With Crime Way Up, Mayor Adams Puts His Version of Broken Windows to the Test

The approach to subway safety lends key insights into his philosophy for policing in New York City.

AP/Seth Wenig, file
New York City Mayor Adams. AP/Seth Wenig, file

In a test of Mayor Adams’s philosophy of criminal justice, he and the NYPD have unveiled a de facto return to broken windows policing in New York City, with the subways set as the front line in the fight against crime and disorder.  

“If we start saying it is alright for you to jump the turnstile we are creating an environment where anything and everything goes,” Mr.
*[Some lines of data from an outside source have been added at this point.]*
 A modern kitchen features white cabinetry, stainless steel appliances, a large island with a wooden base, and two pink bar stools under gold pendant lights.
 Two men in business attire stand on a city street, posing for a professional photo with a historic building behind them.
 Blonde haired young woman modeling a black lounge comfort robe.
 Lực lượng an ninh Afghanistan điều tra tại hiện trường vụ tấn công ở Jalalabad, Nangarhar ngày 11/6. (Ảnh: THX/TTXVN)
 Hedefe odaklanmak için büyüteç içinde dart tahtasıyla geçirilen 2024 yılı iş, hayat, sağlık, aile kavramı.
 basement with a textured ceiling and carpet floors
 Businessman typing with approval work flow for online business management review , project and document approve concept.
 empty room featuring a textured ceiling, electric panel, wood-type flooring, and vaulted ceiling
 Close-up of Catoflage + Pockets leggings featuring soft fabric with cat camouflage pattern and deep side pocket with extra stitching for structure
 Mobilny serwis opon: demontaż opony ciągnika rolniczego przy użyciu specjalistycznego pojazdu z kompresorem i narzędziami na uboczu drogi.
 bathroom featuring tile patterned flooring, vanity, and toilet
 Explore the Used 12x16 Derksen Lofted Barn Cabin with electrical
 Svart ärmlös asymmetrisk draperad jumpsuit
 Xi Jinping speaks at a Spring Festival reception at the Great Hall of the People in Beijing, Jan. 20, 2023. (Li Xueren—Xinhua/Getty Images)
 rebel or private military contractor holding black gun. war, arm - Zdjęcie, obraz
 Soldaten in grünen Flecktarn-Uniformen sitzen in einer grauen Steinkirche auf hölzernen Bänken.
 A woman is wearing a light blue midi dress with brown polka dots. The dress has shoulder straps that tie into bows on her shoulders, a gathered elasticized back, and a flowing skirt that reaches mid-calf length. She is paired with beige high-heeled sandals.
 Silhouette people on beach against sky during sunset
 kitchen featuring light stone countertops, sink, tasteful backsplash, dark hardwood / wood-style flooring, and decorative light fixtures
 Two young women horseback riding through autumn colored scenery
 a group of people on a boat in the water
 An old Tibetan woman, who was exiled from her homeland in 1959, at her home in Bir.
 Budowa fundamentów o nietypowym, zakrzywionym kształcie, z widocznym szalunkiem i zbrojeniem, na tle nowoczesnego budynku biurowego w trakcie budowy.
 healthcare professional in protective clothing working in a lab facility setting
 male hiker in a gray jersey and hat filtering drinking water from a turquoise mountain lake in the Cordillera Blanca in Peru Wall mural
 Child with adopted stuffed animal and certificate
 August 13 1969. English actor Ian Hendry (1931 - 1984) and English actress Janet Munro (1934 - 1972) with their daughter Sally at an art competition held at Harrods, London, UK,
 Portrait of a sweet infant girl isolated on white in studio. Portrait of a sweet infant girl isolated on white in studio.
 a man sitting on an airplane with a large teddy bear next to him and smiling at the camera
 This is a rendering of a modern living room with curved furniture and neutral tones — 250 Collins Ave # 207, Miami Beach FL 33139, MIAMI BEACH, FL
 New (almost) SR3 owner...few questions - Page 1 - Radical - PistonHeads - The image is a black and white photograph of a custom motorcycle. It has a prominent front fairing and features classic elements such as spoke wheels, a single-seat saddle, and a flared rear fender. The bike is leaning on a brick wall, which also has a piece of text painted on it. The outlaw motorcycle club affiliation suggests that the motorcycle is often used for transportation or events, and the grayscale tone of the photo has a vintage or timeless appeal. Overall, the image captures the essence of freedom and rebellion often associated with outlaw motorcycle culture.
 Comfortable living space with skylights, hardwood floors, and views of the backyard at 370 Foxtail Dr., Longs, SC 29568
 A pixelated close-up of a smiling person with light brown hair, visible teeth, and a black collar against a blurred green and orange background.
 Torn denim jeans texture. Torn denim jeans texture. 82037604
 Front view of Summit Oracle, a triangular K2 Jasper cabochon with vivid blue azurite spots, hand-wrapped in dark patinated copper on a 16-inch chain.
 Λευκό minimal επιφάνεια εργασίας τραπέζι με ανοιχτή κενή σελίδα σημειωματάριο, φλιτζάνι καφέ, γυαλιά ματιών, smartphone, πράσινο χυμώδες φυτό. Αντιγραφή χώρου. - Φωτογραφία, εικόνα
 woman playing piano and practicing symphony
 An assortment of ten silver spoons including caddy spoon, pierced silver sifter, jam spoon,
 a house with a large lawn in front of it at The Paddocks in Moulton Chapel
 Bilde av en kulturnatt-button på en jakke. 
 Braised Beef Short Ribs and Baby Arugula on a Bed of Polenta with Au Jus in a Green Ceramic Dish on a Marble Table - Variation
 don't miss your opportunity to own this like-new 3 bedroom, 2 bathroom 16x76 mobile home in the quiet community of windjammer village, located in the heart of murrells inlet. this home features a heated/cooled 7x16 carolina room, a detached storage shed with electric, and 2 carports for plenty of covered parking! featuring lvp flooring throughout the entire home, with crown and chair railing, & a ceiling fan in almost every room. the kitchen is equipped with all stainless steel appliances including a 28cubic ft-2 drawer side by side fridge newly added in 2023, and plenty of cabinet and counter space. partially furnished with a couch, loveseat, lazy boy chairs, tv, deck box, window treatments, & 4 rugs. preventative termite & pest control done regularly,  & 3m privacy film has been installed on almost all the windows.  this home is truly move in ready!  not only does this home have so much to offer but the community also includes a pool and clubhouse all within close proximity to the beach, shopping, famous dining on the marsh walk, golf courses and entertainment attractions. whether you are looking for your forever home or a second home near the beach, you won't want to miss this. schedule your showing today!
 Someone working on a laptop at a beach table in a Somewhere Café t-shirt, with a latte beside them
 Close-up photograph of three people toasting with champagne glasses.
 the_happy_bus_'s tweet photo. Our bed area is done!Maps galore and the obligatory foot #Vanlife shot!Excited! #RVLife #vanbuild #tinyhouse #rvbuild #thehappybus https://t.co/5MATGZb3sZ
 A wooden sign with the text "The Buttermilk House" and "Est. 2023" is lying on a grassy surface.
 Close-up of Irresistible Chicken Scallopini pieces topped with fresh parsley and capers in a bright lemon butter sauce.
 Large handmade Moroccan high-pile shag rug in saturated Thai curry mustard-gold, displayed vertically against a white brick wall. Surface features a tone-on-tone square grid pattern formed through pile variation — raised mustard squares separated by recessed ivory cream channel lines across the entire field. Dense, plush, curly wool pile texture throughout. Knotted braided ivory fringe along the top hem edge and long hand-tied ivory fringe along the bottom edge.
Adams said this week.

What the mayor is signaling here is a return to “broken windows,” policing, which argues that “at the community level, disorder and crime are usually inextricably linked, in a kind of developmental sequence,” according to a seminal article on the topic published in the Atlantic in 1982.

The broken windows philosophy was pioneered by two researchers, James Wilson and George Kelling, who believed that “police patrols are the key to order maintenance,” according to a study filed with the Department of Justice.

The theory has come under criticism in recent years, especially from researchers who cite variables such as criminal perpetrators’ household income and the methods by which disorder is measured in a neighborhood.

What is clear is that Mr. Adams both supports the broken windows theory and is moving toward implementing his own version in New York City, with the police department moving to crack down on “quality of life” infractions and other petty crime.

“Engaging in proactive enforcement can be the difference that prevents that next shooting, and prevents the next child from being harmed,” the NYPD’s chief of crime control strategies, Michael LiPetri, said in a press release yesterday.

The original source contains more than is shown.